Cactus cookies, banana-peel snacks, wrinkled-pea pasta are contenders in the
Ellen MacArthur Foundation’s Challenge for companies to design new products — or
redesign existing ones — using circular principles that help address climate
change and regenerate nature.

A new generation of food products designed to increase circularity and
regenerate the planet are one step closer to reaching supermarket shelves after
being invited to the next stage of the Ellen MacArthur Foundation’s Big
Food Redesign
Challenge
.

Pasta made from wrinkled peas, a snack using banana peel, and both cookies and
juice produced from cacti are among the innovative concepts received from
companies ranging from startups to household names including
Danone and Nestlé.

The Challenge, launched last
year

by the Foundation in partnership with the Sustainable Food
Trust
, tasked participants to design new
products — or redesign existing ones — using circular-economy
principles
that
help nature to thrive and address climate change.

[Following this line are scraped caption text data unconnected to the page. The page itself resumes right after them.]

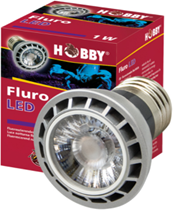 FLURO LED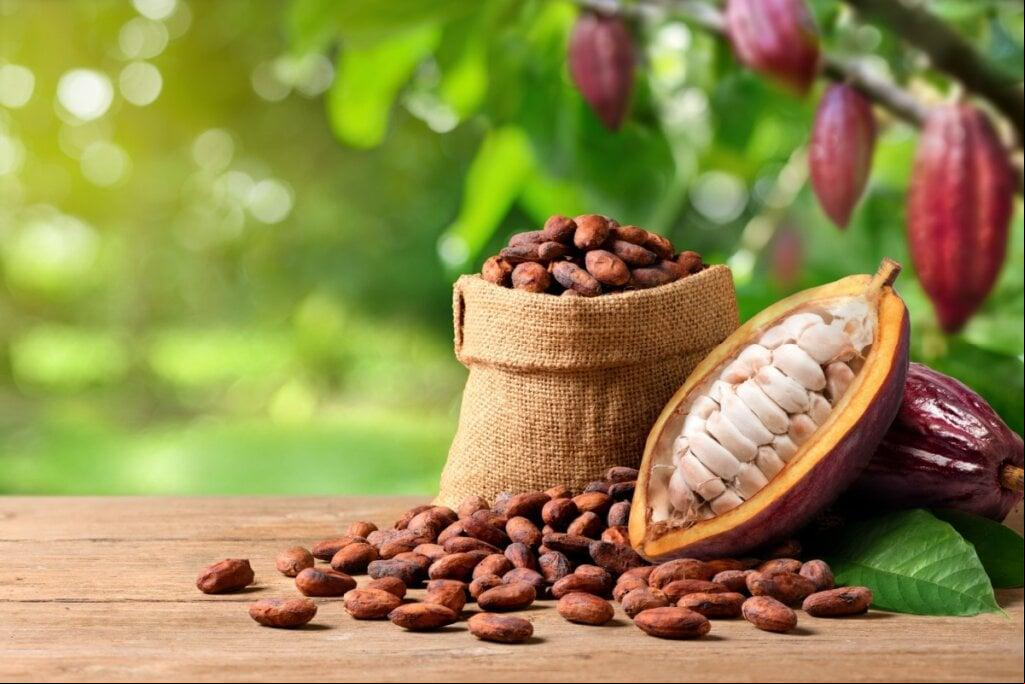 O cacau é uma fruta rica em nutrientes importantes para a saúde (Foto/Imagem: WS-Studio/Shutterstock)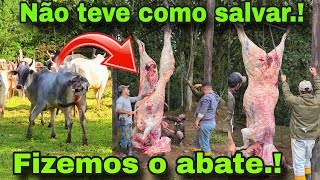 Tivemos que fazer o ab4te da vaca não deu pra salvar 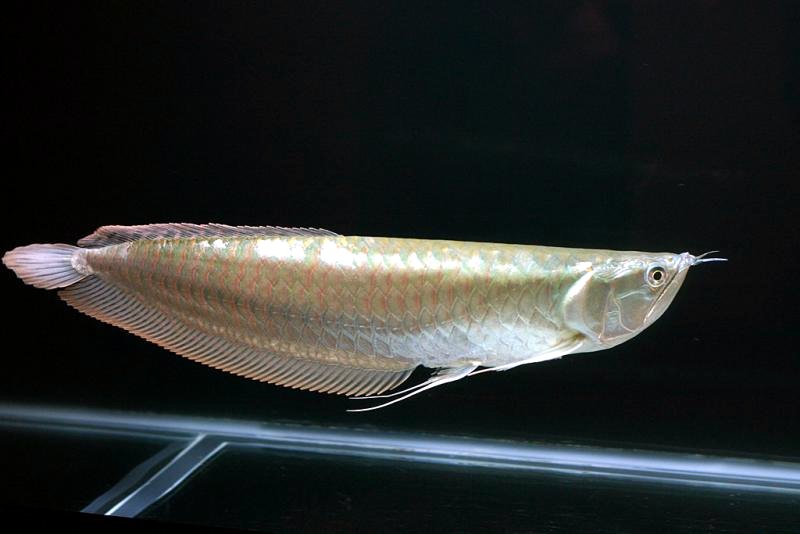 Arowana: Types of Arowana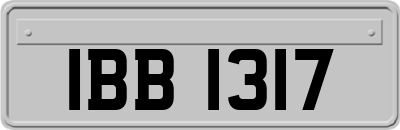 IBB1317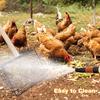 Large Chicken Poop Scooper Stainless Steel Chicken Coop Cleaning Shovel with Wooden Handle 3-in-1 Litter Scoop for Chicken Coop Accessories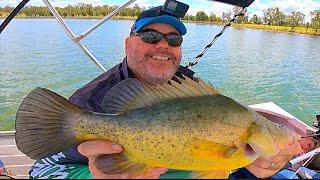 Yellowbelly and Australian Bass Fishing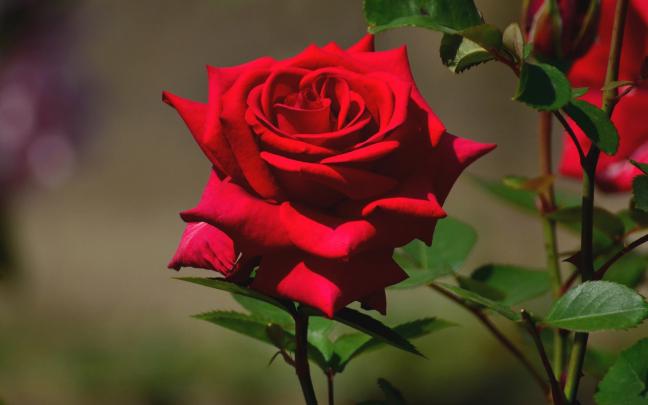 Bloody Rose Wallpaper (60+ images)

From a total of 400 applications received worldwide — including from Africa,
Europe, Latin
America
,
the UK and US — more than 160 products are now being supported in
developing their first designs.

As selected products enter the production phase of the Challenge, the Foundation
is calling on retailers to join its partners — leading British supermarket
Waitrose and major retail group Grupo Carrefour
Brasil
— in
showcasing food items as early as this year.

“Our current food system is a key driver of biodiversity loss and accounts for a
third of global greenhouse gases — we can, and must, redesign our food to
regenerate
nature

and tackle some of the most pressing global issues facing us today,” asserts
Beth Mander, Food Program
Manager at the Ellen MacArthur Foundation. “It’s encouraging to see such a huge
appetite by businesses to rise to the challenge of helping to reshape how we
design food for the future. With such an innovative range of product ideas, we
hope they will become everyday items on shopping lists.

“This is an exciting time for more retailers to get involved and be among the
first in the world to offer their customers unique access to food choices which
help preserve and restore our planet for future generations.”

Advancing innovations

Among the UK innovators joining the next phase of the Challenge are
Hodmedod’s — whose selection of pasta, soups and
dahl is sourced from a type of broad bean and other diverse, arable
crops

grown with regenerative practices that help build soil health; Toast Brewing
which upcycles surplus loaves of bread into
beer

and recently received a major cash infusion from
Heineken
;
luxury London retailer Fortnum & Mason’s in-house distilled Amalthea
Dry Gin
— which
has diversified its source crop by swapping grains with homegrown apples; and
Old Farmhouse Brewery’s beer made from
kelp
locally sourced from Wales’ first community-owned regenerative ocean farm.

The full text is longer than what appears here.